> Data segment:
::::::::::

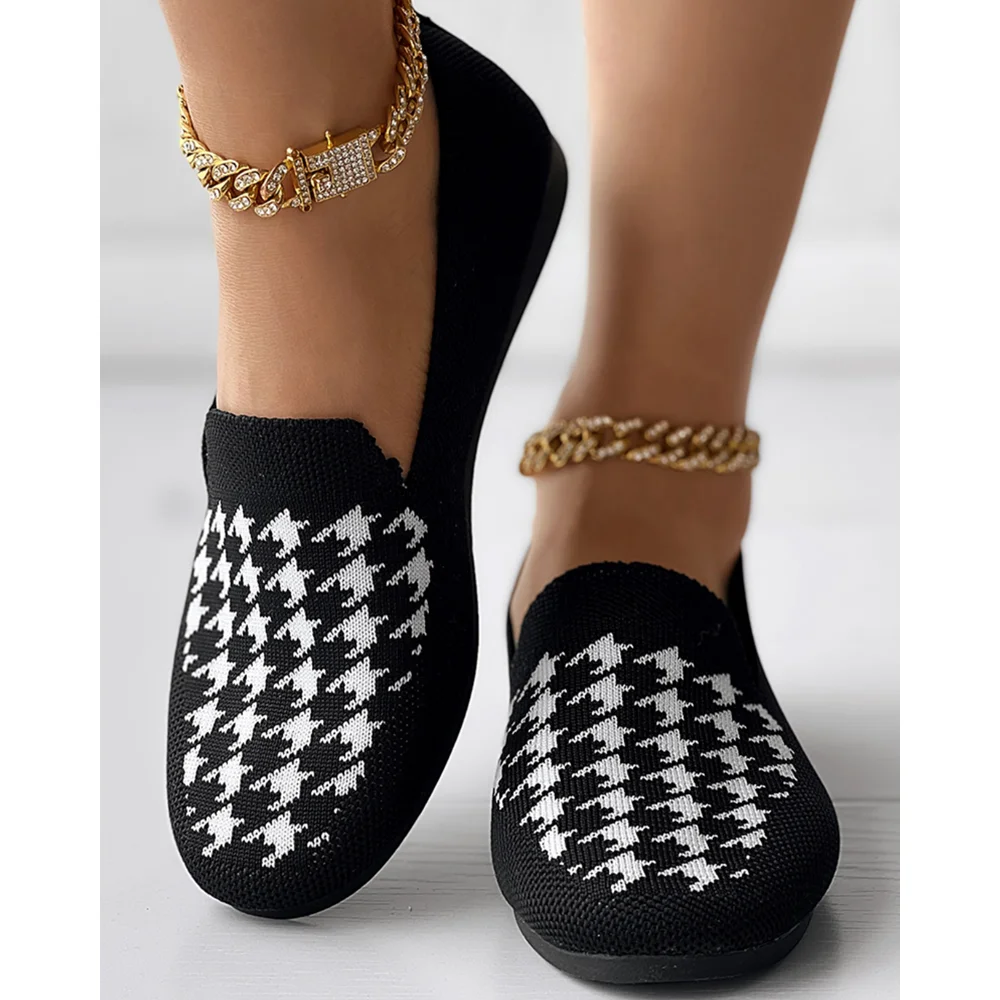 Houndstooth Mesh Flat Low-Cut‌ Slip-on Shoes for Women- Breathable Knitted Round Toe Loafers, Comfortable Work Commute Slippers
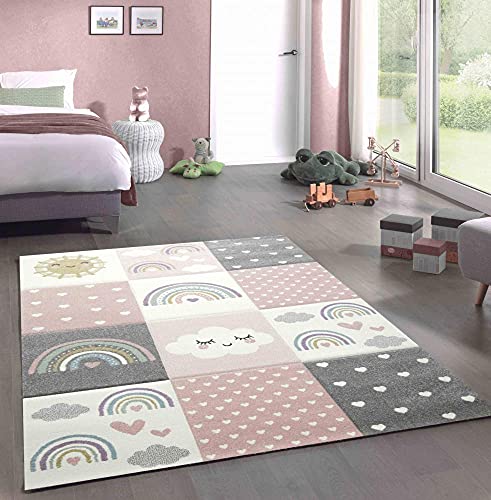 CARPETIA Spielteppich Kinderzimmer Teppich Herzchen Wolken Regenbogen Punkte rosa Creme grau Größe 160x230 cm von CARPETIA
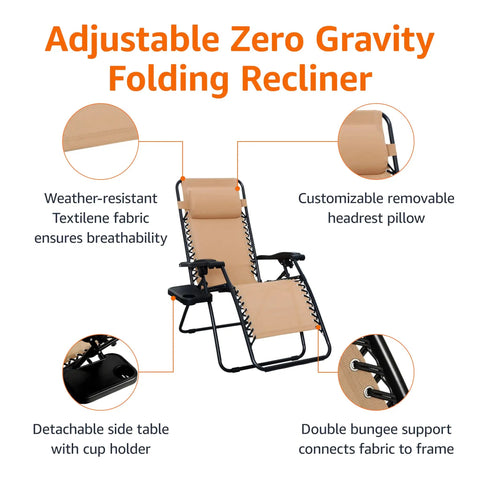 Outdoor Zero Gravity Lounge Chairs Set With Cup Holders And Side Table, Adjustable Reclining Headrest Pillow, Weatherproof Textilene Beige 2 Pack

::::::::::

> Assignment: Output all data exactly, omitting images.

> Task answer:
 Houndstooth Mesh Flat Low-Cut‌ Slip-on Shoes for Women- Breathable Knitted Round Toe Loafers, Comfortable Work Commute Slippers
 CARPETIA Spielteppich Kinderzimmer Teppich Herzchen Wolken Regenbogen Punkte rosa Creme grau Größe 160x230 cm von CARPETIA
 Outdoor Zero Gravity Lounge Chairs Set With Cup Holders And Side Table, Adjustable Reclining Headrest Pillow, Weatherproof Textilene Beige 2 Pack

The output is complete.